The notice formally declared: ‘Based upon the cumulative effects of these hostile acts against the citizens and interests of the United States and friendly foreign nations, the president determined that the United States is in a noninternational armed conflict with these designated terrorist organizations.’
The concept of ‘noninternational armed conflict’ originated in 20th-century law to describe civil wars within a single country, distinct from conflicts between nation-states.
Following the September 11, 2001, terrorist attacks, the U.S. declared war on Al Qaeda, a nonstate actor operating internationally. This prompted objections from some legal scholars who argued the U.S. was stretching legal definitions to apply wartime powers to a group they considered more akin to a criminal organization.
However, the Supreme Court ultimately affirmed that the conflict with Al Qaeda constituted a legitimate war. It upheld the Bush administration’s authority to indefinitely detain captured Al Qaeda members without trial, while simultaneously mandating humane treatment and prohibiting torture under the Geneva Conventions.
The Court’s decision was rooted in Al Qaeda’s intentional use of hijacked airplanes to kill people in attacks against the United States, coupled with congressional authorization of military force. Notably, a 2006 ruling also saw the Court reject the Bush administration’s initial attempt to use military commissions, insisting that explicit legislative approval was required.

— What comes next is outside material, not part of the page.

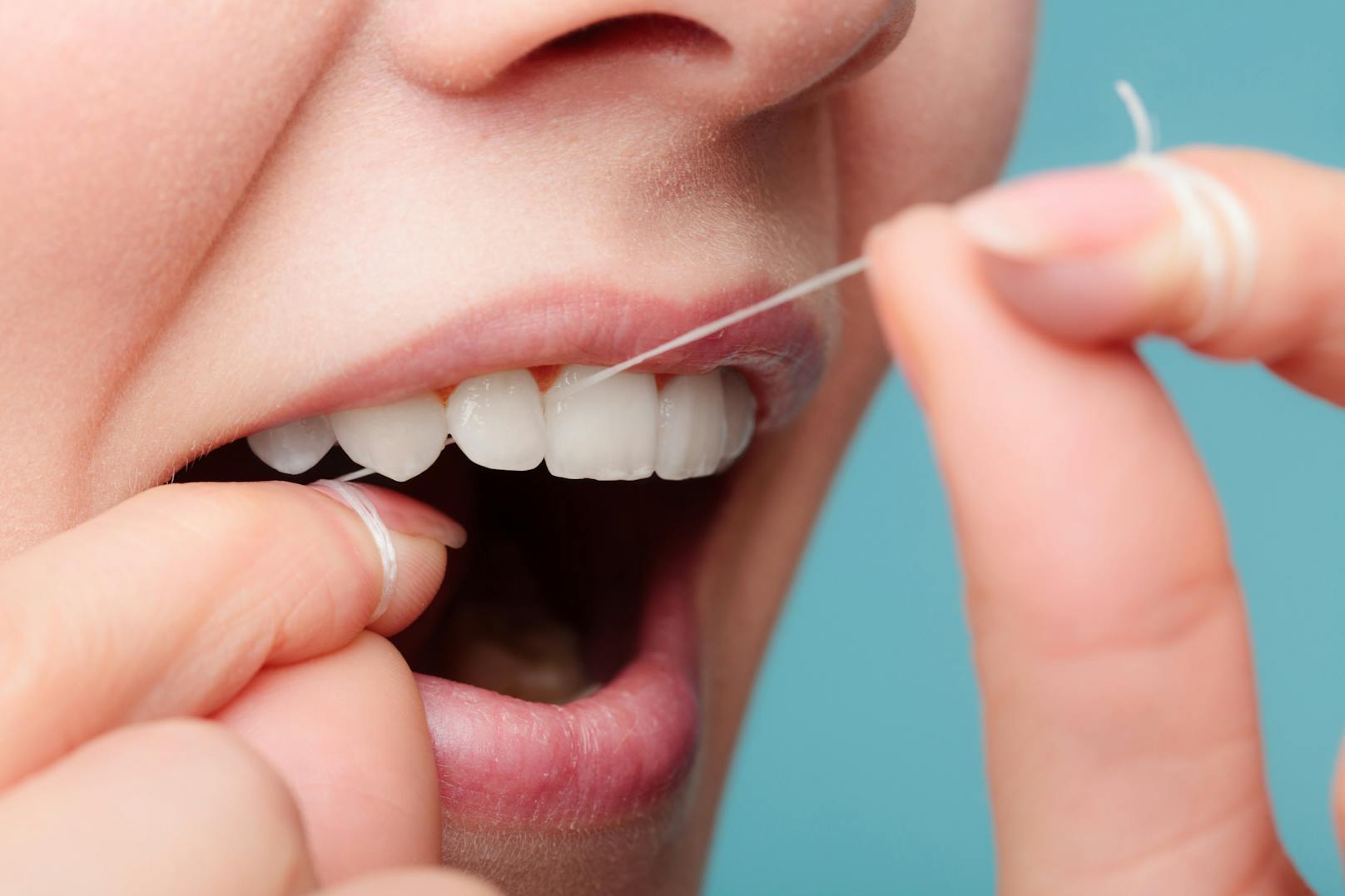 <strong>Keine Zahnseide verwenden:</strong> Zahnseide ist genauso wichtig wie eine Zahnbürste. Mit Schrubben erreicht man die Zahnzwischenräume nicht. Hier müssen Zahnseide oder Interdentalbürsten her. <br>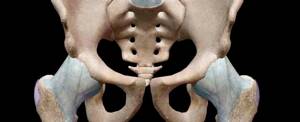 Коксартроз тазобедренного сустава: симптомы и лечение, причины, стадии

Here, the Trump administration appears to equate the trafficking of illegal and dangerous substances with an act of force or an armed attack. Crucially, Congress has not granted any authorization for military force specifically against drug cartels.
While the U.S. government has long pursued a metaphorical ‘war on drugs’ through law enforcement, President Trump’s assertion of a literal state of war against cartels carries profound legal implications. Under standard law enforcement, suspected drug dealers are arrested; summary killings would be criminal. However, in a declared armed conflict, it becomes lawful to kill opposing combatants on sight.
The congressional notice also defended the most recent publicly revealed boat attack, where U.S. Special Operations Forces killed all three crew members on September 15, by labeling them ‘unlawful combatants’—treating them as soldiers in a combat zone.
The notice stated: ‘The vessel was assessed by the U.S. intelligence community to be affiliated with a designated terrorist organization and, at the time, engaged in trafficking illicit drugs, which could ultimately be used to kill Americans. This strike resulted in the destruction of the vessel, the illicit narcotics, and the death of approximately three unlawful combatants.’
Crucially, the notice omitted the specific names of the drug cartels involved in this declared ‘armed conflict.’ It also failed to outline the criteria the administration employs to determine if suspects are sufficiently linked to these groups to justify lethal military action.
Brian Finucane, a former State Department lawyer and expert in armed conflict law, voiced skepticism. He highlighted that international law requires a nonstate entity to meet the ‘organized armed group’ standard to be considered part of an armed conflict.
Finucane commented, ‘I’m not surprised the administration adopted this theory to legally retroactively justify their operations; I had anticipated it. However, a significant issue is the lack of clarity regarding whether the targeted entities truly constitute an organized armed group, a prerequisite for the U.S. to be in a Non-International Armed Conflict (NIAC) with them.’
He specifically questioned whether Tren de Aragua, a Venezuelan gang frequently mentioned by the Trump administration as a target, meets the ‘organized armed group’ criterion. An intelligence assessment from April, later declassified, described Tren de Aragua as ‘loosely organized cells of localized individual criminal networks’ and ‘decentralized,’ suggesting difficulty in coordinating actions.